Investigators would later conclude that Bulger’s Winter Hill Gang—working with members of the Boston Mafia—ordered Wheeler’s murder to protect their lucrative jai alai racket. Hitman John Martorano would ultimately admit to pulling the trigger, acting on orders passed down from Bulger and his allies.

Why Jai Alai Was Worth Killing For

For Bulger, jai alai wasn’t about athleticism or tradition—it was about the perfect criminal enterprise:

  • Insular culture: Outsiders rarely understood the sport or its inner workings, making corruption hard to spot.

  • Complex betting: Multiple wager types meant more ways to manipulate outcomes discreetly.

  • Cash-driven economy: With little digital oversight in the early ’80s, illicit funds could move easily.

Wheeler’s crackdown threatened all of it. By removing him, the conspirators hoped to keep the gravy train running. But the killing drew far more law enforcement attention than they anticipated.

The Fallout

Wheeler’s murder became a cornerstone in building federal cases against Bulger’s network. Years later, long after Bulger had fled Boston in 1994, the killing would resurface during investigations into his wider empire of crime. While Bulger was never tried specifically for Wheeler’s murder, it remained a dark testament to how far he would go to protect his revenue streams.

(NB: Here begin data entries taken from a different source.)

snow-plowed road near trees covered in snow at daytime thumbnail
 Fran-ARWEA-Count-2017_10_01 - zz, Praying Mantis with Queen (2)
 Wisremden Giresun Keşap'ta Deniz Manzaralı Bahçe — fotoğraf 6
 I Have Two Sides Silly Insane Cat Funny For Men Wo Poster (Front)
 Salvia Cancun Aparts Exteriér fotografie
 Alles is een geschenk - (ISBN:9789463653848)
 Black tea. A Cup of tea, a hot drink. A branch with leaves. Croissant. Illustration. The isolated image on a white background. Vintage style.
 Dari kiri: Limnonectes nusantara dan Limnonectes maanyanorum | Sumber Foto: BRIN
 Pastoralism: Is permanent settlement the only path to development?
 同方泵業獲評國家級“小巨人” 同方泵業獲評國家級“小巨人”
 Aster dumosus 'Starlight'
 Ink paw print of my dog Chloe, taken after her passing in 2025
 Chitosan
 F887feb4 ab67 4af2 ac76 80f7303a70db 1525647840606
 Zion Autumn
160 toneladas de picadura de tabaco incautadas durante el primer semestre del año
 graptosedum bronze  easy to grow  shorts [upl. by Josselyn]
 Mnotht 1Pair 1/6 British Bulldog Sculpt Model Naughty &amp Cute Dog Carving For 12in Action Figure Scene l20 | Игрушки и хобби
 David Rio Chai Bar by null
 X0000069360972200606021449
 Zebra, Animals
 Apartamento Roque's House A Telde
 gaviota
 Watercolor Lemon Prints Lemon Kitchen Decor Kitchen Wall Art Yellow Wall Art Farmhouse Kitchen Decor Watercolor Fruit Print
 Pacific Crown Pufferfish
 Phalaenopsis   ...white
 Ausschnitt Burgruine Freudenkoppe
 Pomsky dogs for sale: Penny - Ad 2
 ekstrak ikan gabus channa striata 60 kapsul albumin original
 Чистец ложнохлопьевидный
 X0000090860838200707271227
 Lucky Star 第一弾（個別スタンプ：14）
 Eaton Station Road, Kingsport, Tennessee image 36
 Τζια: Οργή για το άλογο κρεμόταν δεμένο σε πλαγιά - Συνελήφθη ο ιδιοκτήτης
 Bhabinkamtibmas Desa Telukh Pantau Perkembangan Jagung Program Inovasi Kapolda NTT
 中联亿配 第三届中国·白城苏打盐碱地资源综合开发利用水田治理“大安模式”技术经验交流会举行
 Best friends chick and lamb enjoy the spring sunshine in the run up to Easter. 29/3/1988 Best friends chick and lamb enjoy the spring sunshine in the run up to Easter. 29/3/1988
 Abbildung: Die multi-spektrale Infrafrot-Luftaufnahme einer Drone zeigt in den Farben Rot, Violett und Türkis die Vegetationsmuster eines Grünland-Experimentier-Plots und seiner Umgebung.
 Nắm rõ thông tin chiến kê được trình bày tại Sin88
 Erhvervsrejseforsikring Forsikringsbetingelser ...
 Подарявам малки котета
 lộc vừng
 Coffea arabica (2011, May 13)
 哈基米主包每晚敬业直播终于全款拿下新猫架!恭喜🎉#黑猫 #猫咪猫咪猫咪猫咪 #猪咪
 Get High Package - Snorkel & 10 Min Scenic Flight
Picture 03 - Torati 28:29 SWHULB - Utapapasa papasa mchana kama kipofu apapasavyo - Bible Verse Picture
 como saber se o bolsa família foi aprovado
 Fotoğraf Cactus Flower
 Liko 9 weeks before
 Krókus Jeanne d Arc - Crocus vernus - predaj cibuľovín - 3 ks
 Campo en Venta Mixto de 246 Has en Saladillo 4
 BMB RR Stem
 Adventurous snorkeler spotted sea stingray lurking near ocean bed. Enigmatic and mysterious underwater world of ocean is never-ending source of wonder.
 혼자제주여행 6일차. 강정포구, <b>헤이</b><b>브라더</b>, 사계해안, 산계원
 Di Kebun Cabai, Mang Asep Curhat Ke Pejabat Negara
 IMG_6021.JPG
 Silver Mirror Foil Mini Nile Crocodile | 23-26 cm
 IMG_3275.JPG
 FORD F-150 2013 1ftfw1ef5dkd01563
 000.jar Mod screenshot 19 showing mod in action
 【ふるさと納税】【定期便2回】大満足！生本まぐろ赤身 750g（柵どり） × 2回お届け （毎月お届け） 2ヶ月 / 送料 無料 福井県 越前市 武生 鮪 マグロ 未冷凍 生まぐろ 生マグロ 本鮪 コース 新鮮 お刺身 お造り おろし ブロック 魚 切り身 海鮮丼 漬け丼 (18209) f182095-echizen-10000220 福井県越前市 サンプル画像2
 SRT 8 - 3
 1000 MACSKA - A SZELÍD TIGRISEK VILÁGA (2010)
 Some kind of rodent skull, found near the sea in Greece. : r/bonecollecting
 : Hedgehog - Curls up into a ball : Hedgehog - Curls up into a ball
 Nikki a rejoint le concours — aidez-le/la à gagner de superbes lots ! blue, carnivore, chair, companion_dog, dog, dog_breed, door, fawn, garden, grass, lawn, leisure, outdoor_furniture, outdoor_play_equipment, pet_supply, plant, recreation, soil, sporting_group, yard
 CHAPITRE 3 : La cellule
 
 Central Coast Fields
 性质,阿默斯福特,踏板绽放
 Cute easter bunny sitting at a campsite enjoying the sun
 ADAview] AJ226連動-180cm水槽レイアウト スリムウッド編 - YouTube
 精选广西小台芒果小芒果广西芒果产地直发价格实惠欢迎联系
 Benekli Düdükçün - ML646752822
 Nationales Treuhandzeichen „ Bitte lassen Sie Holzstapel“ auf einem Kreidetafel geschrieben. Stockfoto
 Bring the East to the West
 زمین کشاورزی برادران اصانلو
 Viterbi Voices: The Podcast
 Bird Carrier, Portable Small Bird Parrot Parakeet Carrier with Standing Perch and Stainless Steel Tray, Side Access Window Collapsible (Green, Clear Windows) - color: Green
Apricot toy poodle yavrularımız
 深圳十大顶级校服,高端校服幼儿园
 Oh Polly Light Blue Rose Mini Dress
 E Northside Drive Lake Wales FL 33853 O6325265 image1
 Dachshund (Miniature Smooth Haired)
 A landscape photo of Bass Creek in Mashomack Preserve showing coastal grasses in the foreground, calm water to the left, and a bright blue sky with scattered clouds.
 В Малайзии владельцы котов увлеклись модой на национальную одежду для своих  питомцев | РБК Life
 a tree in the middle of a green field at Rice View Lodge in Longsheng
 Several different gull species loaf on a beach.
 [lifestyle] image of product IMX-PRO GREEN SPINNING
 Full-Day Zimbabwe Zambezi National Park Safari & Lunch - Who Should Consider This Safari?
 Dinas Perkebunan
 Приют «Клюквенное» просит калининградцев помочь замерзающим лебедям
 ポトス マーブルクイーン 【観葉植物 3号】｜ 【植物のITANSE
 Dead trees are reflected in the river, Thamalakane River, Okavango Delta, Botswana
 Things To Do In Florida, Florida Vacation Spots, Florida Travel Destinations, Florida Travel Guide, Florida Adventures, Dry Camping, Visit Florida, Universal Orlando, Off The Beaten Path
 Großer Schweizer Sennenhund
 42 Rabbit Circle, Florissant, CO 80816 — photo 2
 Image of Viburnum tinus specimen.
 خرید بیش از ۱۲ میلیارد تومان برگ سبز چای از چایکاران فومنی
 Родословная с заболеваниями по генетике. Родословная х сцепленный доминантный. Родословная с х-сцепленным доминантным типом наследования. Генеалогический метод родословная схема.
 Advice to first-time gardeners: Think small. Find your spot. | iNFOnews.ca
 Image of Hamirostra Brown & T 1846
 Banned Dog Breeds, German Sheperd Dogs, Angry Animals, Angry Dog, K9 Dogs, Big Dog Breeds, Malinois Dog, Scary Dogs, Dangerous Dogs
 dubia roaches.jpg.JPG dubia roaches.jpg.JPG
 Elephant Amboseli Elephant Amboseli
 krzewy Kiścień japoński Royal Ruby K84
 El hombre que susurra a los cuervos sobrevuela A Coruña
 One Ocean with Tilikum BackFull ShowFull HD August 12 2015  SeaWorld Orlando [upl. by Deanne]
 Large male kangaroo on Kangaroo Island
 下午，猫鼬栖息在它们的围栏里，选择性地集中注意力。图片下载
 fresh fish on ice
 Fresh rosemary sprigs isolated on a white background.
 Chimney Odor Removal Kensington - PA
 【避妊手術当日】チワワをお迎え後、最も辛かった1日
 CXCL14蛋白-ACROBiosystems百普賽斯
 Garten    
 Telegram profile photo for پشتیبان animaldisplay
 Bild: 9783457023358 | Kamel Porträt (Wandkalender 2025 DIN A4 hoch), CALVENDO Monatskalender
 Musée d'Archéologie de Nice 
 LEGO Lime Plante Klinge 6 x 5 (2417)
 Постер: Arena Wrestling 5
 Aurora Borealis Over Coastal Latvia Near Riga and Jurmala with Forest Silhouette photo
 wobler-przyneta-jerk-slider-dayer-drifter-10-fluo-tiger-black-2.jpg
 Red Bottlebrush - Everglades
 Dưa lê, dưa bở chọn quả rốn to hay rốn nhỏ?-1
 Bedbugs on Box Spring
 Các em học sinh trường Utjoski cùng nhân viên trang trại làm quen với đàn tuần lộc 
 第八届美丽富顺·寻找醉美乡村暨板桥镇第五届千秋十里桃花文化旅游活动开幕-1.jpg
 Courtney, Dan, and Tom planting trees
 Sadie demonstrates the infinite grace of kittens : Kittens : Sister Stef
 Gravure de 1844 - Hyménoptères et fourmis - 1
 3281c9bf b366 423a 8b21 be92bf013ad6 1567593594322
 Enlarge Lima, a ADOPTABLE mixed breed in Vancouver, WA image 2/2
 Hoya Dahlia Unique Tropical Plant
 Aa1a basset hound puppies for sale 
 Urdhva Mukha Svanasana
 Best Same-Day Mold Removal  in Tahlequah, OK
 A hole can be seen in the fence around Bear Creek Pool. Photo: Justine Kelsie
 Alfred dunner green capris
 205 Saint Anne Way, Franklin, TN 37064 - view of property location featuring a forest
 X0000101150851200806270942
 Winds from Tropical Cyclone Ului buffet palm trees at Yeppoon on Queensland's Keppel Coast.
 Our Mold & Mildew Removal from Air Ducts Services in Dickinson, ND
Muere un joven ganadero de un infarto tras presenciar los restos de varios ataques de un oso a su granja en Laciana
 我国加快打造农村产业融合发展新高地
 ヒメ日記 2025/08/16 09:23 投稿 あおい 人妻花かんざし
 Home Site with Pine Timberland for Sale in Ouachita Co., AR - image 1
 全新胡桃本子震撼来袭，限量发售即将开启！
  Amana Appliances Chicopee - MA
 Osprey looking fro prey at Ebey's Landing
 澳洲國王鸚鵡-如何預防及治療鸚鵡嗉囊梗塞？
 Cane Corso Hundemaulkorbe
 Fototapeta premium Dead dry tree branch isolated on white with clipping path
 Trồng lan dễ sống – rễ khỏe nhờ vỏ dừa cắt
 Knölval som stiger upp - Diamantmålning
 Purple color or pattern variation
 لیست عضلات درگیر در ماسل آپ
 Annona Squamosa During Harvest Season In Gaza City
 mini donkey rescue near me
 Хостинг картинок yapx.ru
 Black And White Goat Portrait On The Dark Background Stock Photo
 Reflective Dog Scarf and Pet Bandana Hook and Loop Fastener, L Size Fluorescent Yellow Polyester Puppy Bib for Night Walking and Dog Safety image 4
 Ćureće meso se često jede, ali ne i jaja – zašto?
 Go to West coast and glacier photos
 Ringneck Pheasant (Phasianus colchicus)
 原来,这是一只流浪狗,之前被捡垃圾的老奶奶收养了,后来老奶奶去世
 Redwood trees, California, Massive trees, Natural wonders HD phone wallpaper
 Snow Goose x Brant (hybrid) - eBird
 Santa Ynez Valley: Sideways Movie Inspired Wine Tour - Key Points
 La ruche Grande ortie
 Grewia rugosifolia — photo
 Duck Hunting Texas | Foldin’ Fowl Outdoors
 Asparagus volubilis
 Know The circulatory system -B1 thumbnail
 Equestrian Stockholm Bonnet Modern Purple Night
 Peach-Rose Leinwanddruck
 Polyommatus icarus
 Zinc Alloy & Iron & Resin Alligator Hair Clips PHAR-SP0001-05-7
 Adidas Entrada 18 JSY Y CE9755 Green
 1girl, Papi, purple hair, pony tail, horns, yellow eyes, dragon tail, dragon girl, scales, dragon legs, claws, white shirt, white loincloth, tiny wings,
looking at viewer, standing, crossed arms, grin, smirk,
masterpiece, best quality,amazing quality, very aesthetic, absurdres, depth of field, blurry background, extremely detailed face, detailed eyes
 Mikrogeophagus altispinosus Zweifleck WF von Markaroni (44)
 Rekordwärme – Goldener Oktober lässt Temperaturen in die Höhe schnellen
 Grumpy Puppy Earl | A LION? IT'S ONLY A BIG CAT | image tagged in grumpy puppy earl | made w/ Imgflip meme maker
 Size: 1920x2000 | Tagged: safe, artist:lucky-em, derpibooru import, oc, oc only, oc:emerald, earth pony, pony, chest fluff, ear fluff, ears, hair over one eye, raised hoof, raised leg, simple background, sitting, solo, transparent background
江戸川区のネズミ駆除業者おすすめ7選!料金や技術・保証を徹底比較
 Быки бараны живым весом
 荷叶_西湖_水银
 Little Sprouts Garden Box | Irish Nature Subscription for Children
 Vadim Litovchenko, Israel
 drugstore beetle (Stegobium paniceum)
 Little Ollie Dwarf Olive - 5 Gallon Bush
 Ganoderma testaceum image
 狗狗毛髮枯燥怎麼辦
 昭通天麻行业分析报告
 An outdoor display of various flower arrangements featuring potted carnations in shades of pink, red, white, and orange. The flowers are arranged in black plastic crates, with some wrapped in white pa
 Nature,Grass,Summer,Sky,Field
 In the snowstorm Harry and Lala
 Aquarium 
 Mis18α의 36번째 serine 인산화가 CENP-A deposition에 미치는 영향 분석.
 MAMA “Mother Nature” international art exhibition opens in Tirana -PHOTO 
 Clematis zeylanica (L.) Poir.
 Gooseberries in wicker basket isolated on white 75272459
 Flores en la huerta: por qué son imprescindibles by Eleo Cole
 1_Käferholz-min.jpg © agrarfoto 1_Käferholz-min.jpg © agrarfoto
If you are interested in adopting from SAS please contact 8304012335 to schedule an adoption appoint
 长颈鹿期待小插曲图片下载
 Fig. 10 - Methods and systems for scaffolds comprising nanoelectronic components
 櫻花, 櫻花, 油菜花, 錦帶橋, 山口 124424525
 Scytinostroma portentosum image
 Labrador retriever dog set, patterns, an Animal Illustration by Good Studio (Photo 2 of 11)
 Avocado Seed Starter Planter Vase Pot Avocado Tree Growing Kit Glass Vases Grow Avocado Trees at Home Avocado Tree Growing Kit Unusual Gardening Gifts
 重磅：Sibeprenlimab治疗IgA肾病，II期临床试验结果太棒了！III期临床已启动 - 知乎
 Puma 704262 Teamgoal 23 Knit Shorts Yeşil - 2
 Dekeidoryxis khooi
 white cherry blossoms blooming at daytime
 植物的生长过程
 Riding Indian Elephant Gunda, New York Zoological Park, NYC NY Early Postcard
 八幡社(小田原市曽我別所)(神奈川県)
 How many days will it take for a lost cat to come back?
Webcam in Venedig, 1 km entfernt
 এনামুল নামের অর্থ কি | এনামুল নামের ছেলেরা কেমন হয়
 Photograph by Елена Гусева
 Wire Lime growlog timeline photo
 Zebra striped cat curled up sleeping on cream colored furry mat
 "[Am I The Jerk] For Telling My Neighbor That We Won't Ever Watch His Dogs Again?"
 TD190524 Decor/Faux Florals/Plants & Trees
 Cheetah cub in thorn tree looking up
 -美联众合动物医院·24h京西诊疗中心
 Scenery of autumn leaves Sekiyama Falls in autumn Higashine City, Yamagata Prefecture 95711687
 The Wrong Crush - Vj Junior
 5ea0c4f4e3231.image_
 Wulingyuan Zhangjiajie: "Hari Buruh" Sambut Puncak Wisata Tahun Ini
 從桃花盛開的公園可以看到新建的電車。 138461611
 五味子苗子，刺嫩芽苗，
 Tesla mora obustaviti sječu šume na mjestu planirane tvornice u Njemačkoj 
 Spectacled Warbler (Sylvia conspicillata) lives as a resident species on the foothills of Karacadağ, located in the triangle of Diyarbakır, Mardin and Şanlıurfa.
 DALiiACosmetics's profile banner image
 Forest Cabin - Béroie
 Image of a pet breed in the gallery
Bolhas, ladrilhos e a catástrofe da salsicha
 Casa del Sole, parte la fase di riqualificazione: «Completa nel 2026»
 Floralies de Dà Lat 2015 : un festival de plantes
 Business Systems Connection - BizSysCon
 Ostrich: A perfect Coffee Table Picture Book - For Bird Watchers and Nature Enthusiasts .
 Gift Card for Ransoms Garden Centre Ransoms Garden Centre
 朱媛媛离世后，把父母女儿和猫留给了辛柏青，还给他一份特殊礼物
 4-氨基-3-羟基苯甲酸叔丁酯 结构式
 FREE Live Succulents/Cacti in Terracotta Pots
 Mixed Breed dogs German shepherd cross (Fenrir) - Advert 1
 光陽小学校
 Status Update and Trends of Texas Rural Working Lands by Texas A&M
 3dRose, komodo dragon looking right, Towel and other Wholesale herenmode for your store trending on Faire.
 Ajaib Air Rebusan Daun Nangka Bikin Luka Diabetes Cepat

Whitey Bulger’s interest in jai alai now reads less like an eccentric quirk and more like a calculated business move that spiraled into lethal violence. It’s a reminder that Bulger didn’t just dominate Boston’s underworld—he reached into industries and geographies where opportunity, greed, and intimidation could intersect.

In the end, jai alai was just another racket to him. But for Roger Wheeler, it was supposed to be a business venture. That difference in vision—and the threat Wheeler posed to Bulger’s profits—was enough to end one man’s life and cement another’s reputation as one of America’s most ruthless crime bosses.